Publié par Jean-Patrick Grumberg le 3 janvier 2015

Dans une interview exclusive accordée à Paris Review, Michel Houellebecq parle évidement de son livre à sortir le 7 janvier, Soumission*.

Islamophobie, racisme, antisémitisme, grand remplacement, athéisme, catholicisme, islam … Ce qu’il dit va vous surprendre, et pas dans le sens que vous imaginez…

En préalable, je veux dire que Dreuz étant sur les listes noires des éditeurs, nous ne recevons pas, contrairement à nos confrères, d’exemplaires réservés à la presse. Comme nous sommes à l’étranger, c’est par ailleurs compliqué.

Et comme ma maman m’a bien élevé, je n’ai pas voulu télécharger le livre que l’on peut trouver à plusieurs endroits piratés. Je ne l’ai jamais fait pour les films, ni pour les programmes informatiques, je ne vais pas commencer aujourd’hui. Donc je ne l’ai pas lu, et je ne m’aventurerai pas à parler de ce que j’ignore.

Au lieu, je vais vous rapporter quelques extraits (traduits par moi librement de l’anglais) de l’interview qu’il a accordé à Sylvain Bourmeau pour le site Paris Review.

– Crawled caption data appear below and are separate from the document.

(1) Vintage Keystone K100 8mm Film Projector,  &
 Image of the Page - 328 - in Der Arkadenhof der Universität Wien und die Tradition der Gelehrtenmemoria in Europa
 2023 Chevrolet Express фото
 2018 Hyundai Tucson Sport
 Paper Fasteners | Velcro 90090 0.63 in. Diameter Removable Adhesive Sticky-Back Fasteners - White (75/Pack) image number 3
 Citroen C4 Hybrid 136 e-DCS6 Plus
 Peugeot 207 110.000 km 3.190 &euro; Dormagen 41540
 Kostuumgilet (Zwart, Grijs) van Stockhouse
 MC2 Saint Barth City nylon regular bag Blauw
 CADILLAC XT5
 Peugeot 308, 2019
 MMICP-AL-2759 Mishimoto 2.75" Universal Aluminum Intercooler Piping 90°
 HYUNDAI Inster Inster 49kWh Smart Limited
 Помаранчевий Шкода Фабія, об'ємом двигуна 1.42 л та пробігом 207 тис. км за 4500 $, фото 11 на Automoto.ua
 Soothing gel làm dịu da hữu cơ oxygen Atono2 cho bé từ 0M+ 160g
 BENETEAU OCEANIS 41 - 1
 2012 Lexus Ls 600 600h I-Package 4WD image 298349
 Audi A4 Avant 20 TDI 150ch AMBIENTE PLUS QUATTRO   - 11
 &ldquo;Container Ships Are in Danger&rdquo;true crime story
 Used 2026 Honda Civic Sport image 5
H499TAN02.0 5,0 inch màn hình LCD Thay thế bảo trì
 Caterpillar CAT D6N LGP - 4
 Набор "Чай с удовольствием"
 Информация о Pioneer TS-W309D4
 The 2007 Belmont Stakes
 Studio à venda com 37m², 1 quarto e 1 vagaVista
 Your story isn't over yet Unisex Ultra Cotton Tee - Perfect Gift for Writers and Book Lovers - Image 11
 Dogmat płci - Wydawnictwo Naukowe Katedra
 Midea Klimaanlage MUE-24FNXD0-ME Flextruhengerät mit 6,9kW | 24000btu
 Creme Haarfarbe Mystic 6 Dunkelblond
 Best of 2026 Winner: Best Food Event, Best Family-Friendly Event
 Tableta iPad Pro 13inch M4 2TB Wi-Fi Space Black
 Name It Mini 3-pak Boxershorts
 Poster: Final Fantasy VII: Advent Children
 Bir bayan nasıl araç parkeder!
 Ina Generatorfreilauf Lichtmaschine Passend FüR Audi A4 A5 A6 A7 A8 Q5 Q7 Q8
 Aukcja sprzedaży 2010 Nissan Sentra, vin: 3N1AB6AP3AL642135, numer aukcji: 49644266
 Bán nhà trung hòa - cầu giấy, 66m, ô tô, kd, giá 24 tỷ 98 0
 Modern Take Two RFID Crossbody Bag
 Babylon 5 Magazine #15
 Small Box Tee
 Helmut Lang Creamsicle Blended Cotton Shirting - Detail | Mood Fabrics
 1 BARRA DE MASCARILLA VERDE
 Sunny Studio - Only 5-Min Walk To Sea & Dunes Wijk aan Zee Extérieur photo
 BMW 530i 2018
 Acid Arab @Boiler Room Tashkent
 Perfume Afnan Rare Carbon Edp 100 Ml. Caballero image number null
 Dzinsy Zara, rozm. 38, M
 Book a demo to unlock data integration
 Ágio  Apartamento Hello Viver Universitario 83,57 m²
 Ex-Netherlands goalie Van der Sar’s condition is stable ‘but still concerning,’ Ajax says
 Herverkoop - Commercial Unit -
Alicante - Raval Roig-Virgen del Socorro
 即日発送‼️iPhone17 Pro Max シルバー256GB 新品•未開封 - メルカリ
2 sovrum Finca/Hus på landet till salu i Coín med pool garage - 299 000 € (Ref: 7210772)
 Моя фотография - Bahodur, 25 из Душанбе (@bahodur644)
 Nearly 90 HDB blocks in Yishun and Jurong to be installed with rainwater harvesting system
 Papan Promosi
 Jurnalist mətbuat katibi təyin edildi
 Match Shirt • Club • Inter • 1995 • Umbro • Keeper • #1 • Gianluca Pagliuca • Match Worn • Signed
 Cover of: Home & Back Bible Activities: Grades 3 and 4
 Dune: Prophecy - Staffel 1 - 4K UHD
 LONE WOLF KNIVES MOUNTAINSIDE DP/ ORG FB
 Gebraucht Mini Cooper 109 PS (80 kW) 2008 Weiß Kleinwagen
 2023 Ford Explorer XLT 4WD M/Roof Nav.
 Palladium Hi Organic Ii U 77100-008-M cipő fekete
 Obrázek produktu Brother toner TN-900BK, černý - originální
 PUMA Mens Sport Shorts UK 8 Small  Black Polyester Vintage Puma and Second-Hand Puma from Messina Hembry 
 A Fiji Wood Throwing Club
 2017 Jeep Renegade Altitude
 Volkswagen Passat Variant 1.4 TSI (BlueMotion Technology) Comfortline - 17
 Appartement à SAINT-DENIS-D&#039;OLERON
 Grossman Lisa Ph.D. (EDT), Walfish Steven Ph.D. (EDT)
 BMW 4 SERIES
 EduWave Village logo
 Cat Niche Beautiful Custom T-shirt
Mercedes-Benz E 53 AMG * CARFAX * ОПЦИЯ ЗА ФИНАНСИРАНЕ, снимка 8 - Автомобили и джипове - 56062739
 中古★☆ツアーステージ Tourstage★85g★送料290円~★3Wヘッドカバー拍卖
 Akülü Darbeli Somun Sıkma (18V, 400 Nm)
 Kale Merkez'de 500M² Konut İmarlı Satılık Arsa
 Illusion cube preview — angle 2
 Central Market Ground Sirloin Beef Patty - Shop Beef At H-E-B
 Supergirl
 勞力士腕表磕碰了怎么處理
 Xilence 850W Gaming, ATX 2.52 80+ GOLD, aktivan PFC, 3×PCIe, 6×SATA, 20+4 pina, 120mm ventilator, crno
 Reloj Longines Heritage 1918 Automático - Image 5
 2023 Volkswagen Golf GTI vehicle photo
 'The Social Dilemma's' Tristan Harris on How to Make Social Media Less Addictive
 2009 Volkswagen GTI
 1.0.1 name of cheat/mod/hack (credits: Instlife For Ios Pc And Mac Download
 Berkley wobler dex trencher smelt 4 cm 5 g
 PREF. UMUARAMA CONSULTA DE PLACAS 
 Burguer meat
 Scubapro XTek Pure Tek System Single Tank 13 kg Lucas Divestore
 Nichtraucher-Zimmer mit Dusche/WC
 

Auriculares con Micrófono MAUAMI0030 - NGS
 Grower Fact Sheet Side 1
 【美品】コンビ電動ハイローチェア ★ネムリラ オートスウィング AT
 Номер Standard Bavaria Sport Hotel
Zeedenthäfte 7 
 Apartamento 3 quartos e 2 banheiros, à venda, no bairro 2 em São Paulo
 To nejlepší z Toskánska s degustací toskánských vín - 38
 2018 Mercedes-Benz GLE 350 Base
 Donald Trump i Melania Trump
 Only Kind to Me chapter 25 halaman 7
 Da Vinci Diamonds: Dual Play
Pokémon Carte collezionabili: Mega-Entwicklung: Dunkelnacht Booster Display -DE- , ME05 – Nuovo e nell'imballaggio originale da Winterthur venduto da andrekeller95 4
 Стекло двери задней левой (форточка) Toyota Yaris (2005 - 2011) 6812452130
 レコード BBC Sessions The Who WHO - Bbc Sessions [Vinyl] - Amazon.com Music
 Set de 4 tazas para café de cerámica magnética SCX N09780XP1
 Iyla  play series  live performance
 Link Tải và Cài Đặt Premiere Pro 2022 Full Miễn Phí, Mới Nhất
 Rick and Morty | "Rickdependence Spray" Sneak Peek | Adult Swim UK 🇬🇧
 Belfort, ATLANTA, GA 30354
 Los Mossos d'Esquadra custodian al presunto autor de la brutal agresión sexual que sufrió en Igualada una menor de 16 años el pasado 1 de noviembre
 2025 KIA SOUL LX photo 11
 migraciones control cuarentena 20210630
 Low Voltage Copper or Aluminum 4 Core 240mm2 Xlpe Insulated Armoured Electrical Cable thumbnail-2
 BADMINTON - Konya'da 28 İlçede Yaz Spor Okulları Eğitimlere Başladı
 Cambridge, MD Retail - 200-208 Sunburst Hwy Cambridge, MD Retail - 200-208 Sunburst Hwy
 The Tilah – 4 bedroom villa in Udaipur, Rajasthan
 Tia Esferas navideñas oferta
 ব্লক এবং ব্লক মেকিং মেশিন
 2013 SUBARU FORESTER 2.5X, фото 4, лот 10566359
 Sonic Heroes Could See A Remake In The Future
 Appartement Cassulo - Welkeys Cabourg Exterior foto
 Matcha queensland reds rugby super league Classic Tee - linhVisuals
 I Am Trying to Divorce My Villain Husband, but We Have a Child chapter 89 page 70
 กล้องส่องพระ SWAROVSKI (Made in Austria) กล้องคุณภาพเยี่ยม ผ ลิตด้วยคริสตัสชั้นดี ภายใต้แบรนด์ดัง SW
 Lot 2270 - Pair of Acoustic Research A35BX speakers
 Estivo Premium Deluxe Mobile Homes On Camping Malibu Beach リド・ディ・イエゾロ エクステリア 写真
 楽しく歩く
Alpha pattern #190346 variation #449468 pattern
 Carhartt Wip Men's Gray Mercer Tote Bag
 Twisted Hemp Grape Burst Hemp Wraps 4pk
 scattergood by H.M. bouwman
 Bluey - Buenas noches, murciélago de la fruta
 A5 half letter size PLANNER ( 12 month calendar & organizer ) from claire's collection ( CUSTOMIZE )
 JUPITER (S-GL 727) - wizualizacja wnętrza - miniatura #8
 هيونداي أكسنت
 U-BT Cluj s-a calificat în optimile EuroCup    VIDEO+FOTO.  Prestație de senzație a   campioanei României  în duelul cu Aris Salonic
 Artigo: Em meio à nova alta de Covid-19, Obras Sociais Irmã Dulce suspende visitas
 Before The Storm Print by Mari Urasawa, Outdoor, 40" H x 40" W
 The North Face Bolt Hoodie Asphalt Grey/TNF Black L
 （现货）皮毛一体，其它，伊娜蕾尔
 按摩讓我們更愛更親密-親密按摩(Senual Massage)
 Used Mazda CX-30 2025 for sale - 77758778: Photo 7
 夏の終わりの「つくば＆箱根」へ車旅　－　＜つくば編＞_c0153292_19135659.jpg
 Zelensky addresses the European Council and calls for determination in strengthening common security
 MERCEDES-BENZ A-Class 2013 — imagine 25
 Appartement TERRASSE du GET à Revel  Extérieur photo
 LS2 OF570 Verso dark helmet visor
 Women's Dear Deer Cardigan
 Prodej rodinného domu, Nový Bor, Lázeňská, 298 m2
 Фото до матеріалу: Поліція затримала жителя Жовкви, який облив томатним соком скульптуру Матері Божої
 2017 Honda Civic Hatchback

Pourquoi avez-vous écrit [Soumission] ?

Pour plusieurs raisons, je dirais. Tout d’abord, je pense que c’est mon travail, même si je n’aime pas ce mot…

Je pense que la deuxième raison est que mon athéisme n’a pas tout à fait survécu à tous les morts que je ai eu à affronter. En fait, il m’est devenu insoutenable.

La mort de votre chien, de vos parents ?

Oui, ça a été beaucoup en très peu de temps. Une raison est peut être que, contrairement à ce que je pensais, je n’ai jamais été vraiment athée. J’étais agnostique. Habituellement, ce mot sert d’écran à l’athéisme, mais pas dans mon cas je pense. Lorsque, à la lumière de ce que je sais, je réexamine la question de savoir s’il y a un créateur, un ordre cosmique, ce genre de choses, je me rends compte que je n’ai pas vraiment de réponse.

Alors qu’avant, vous pensiez …

Je pensais que j’étais athée, oui. Maintenant, je ne sais vraiment plus. Ce sont donc les deux raisons pour lesquelles j’ai écrit le livre, la deuxième raison étant probablement plus forte que la première.

Où avez-vous eu l’idée d’une élection présidentielle, en 2022, entre Marine Le Pen et le chef d’un parti musulman ?

Eh bien, Marine Le Pen me paraît être une candidate réaliste pour 2022, même pour 2017 …

Le parti musulman est plus … c’est le cœur du sujet, vraiment.

[quote]Les musulmans sont très loin de la gauche et encore plus loin des Verts. Il suffit de penser au mariage gay[/quote]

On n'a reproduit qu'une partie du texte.